### Task details
A full, exact copy of the records below is the required answer.

----- Records shown

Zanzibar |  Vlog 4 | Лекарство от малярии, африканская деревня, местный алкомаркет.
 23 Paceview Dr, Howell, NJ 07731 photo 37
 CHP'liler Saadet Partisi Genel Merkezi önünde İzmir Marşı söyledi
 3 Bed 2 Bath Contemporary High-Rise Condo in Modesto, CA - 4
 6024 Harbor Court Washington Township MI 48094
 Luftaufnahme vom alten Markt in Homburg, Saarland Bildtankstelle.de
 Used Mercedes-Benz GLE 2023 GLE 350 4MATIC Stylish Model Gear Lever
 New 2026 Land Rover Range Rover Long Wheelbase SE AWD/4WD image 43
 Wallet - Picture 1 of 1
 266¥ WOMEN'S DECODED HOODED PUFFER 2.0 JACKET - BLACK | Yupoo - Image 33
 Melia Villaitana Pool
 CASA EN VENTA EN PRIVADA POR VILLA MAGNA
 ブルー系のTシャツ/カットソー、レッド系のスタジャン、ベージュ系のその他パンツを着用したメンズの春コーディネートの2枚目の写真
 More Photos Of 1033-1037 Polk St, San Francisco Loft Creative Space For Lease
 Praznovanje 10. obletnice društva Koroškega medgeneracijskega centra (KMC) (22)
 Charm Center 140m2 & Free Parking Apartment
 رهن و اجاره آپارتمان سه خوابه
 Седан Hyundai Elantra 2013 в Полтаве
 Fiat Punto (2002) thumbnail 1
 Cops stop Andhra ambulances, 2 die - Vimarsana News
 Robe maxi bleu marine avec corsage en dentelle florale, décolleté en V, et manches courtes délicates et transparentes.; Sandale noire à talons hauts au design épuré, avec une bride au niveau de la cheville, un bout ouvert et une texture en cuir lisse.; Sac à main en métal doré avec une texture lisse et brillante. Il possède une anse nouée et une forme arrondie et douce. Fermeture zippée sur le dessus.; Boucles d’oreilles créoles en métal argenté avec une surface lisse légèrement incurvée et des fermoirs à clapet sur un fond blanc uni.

----------

### Solution to this problem
Zanzibar |  Vlog 4 | Лекарство от малярии, африканская деревня, местный алкомаркет.
 23 Paceview Dr, Howell, NJ 07731 photo 37
 CHP'liler Saadet Partisi Genel Merkezi önünde İzmir Marşı söyledi
 3 Bed 2 Bath Contemporary High-Rise Condo in Modesto, CA - 4
 6024 Harbor Court Washington Township MI 48094
 Luftaufnahme vom alten Markt in Homburg, Saarland Bildtankstelle.de
 Used Mercedes-Benz GLE 2023 GLE 350 4MATIC Stylish Model Gear Lever
 New 2026 Land Rover Range Rover Long Wheelbase SE AWD/4WD image 43
 Wallet - Picture 1 of 1
 266¥ WOMEN'S DECODED HOODED PUFFER 2.0 JACKET - BLACK | Yupoo - Image 33
 Melia Villaitana Pool
 CASA EN VENTA EN PRIVADA POR VILLA MAGNA
 ブルー系のTシャツ/カットソー、レッド系のスタジャン、ベージュ系のその他パンツを着用したメンズの春コーディネートの2枚目の写真
 More Photos Of 1033-1037 Polk St, San Francisco Loft Creative Space For Lease
 Praznovanje 10. obletnice društva Koroškega medgeneracijskega centra (KMC) (22)
 Charm Center 140m2 & Free Parking Apartment
 رهن و اجاره آپارتمان سه خوابه
 Седан Hyundai Elantra 2013 в Полтаве
 Fiat Punto (2002) thumbnail 1
 Cops stop Andhra ambulances, 2 die - Vimarsana News
 Robe maxi bleu marine avec corsage en dentelle florale, décolleté en V, et manches courtes délicates et transparentes.; Sandale noire à talons hauts au design épuré, avec une bride au niveau de la cheville, un bout ouvert et une texture en cuir lisse.; Sac à main en métal doré avec une texture lisse et brillante. Il possède une anse nouée et une forme arrondie et douce. Fermeture zippée sur le dessus.; Boucles d’oreilles créoles en métal argenté avec une surface lisse légèrement incurvée et des fermoirs à clapet sur un fond blanc uni.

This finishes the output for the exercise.